Publisher's Synopsis
"An illuminating meditation on postmodernist elements in Pygmalion . . . it offers valuable insights into Shaw's ways of thinking about and representing experience."--Jonathan Wisenthal, University of British Columbia
In the first book-length treatment of Bernard Shaw as a postmodern writer, Jean Reynolds offers a fresh interpretation of Pygmalion, one of Shaw's most enduring plays. Challenging widely held assumptions about Shaw, she maintains that he critiqued conventional notions about language and psychology long before such iconoclasts as Jacques Derrida and James Hillman came on the scene.
Reynolds calls Pygmalion "the Shavian creation myth" and compares Henry Higgins's struggle to transform a bedraggled flower girl into a duchess to Shaw's reinvention of himself as the larger-than-life G.B.S. who entertained and edified an immense readership.
Reynolds argues that long before Derrida, Karl Marx's ideas about language were a powerful influence on Shaw.
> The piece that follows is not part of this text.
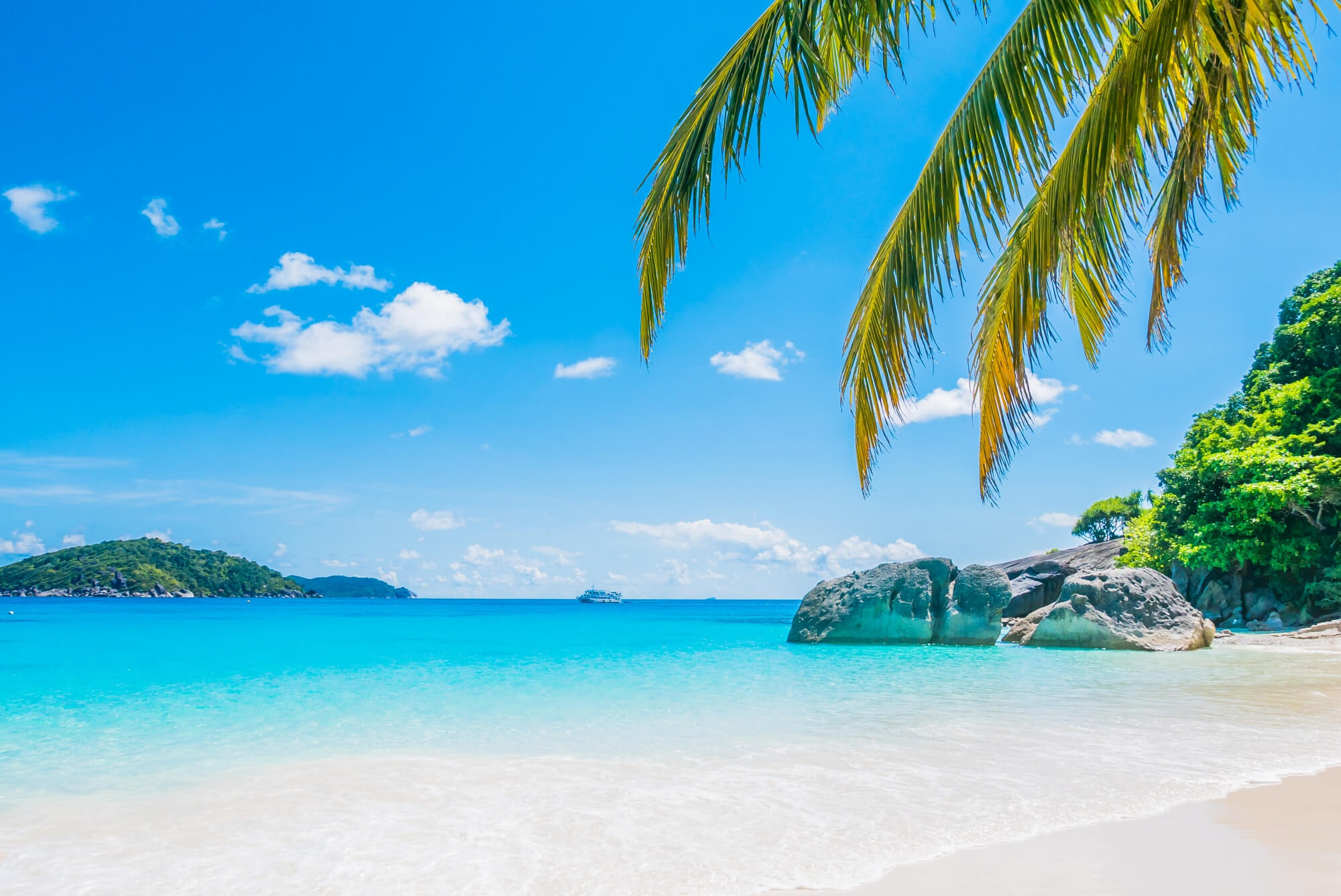 Plage paradisiaque en Guadeloupe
In Pygmalion, Shaw topples the "binary oppositions," as Derrida calls them, that characterize Western thought: essence versus appearance, speech versus writing, authenticity versus performance. Reynolds exposes a metaphysical debate in the conflicts between Eliza Doolittle and Henry Higgins that repeats itself in Shaw's conflicts with his public, which often misunderstood his penchant for role-playing and rhetorical flamboyance.
Pygmalion's Wordplay reveals an unexpected side of Shaw--his acute insight into linguistic and psychological concepts that dominate postmodern thought--that will be provocative to Shavians and Derrideans alike.
Jean Reynolds is professor of English at Polk Community College in Winter Haven, Florida. She is the author of two textbooks, Succeeding in College and Sentence Power, and has published articles in such journals as SHAW: The Annual of Shaw Studies and the Anglo-Welsh Review.